Facing Realities
    South Florida Sun-Sentinel Editorial Board
    South Florida Sun-Sentinel
    Nov. 21, 2003

    Free trade talks in Miami officially ended a day early with a watered-down compromise.

    In reality, the talks aimed at pushing toward a Free Trade Area of the Americas stalled in September during a World Trade Organization meeting in Cancun, Mexico. For that matter, the ambitious FTAA proposal has been doomed since the late 1990s by economic crises across the hemisphere. It's just that no one wanted to admit it.

    The question facing free traders at the moment is simple: What now?

    Do they continue ignoring reality with more face-saving bargaining, further diluting the FTAA until it is nothing but a meaningless accord? Or do they embark on true hemispheric leadership?

    All who want to see a resurgence of prosperity in the hemisphere, a commitment to democracy and market reforms should hope for the latter.

    Leadership means calling for a reassessment. It means acknowledging the concerns that have forced the so-called FTAA Lite plan, a way-too-flexible program that allows countries to pick and choose what parts of the economic menu they want. It means setting an "all for one, and one for all" attitude, backed by a comprehensive and inclusive strategy for economic integration.

    Free traders must acknowledge that an FTAA must produce an agenda addressing the debt crisis, fears of job losses in the United States and erosion of environmental regulations -- as well as tariff and property rights issues.

    They must take the following actions:

    Push the deadline back to Jan. 1, 2010. That would allow time for the hemisphere's governments to develop necessary strategies to deal with the hurdles that block progress on the FTAA.

    Resolve the debt crisis so governments in the Americas would have more money to invest in infrastructure and technology.

    Create a development fund similar to the one the European Union instituted to help close the gap between the strong and weak in the Old World prior to the continent's integration.

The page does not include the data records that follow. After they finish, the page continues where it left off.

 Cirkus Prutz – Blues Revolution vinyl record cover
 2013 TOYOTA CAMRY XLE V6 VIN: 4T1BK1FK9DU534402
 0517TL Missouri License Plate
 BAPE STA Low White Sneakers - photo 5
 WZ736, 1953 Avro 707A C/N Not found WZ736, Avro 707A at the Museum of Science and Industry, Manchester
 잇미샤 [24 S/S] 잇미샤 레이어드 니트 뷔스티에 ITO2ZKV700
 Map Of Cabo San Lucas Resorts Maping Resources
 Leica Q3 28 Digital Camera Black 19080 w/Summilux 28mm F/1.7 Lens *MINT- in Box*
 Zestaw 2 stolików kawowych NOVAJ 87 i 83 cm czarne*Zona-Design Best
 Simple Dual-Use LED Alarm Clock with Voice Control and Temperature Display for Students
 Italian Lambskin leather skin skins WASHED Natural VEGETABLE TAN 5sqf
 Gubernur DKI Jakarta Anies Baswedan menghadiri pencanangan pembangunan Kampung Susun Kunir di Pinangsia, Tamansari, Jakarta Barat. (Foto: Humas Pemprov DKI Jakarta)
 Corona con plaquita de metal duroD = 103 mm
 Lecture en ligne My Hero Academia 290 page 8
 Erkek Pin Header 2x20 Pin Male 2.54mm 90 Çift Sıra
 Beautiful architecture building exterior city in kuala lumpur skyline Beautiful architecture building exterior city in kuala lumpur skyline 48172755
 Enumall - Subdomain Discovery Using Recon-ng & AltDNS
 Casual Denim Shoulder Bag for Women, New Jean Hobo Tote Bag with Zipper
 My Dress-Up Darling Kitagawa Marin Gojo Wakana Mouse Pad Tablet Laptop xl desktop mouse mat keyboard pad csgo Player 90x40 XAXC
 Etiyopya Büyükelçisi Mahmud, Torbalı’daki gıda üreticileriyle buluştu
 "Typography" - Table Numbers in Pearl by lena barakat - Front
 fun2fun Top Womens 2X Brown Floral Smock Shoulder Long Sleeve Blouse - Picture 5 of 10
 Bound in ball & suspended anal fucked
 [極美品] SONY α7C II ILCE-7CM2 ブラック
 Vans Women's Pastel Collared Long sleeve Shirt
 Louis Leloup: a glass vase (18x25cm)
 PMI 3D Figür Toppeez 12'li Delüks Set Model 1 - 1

    U.S. negotiators, led by Trade Representative Robert Zoellick, should be commended for reading the tea leaves properly at the Miami meeting. Accepting a compromise was better than risking another public break with its hemispheric peers.

    Problem is they will be facing the same walls going forward. Unless, of course, they resolve the concerns that put up the barriers. If they do that, the 2003 ministerial meeting in Miami will go down as a watershed for free trade, not a retreat from it.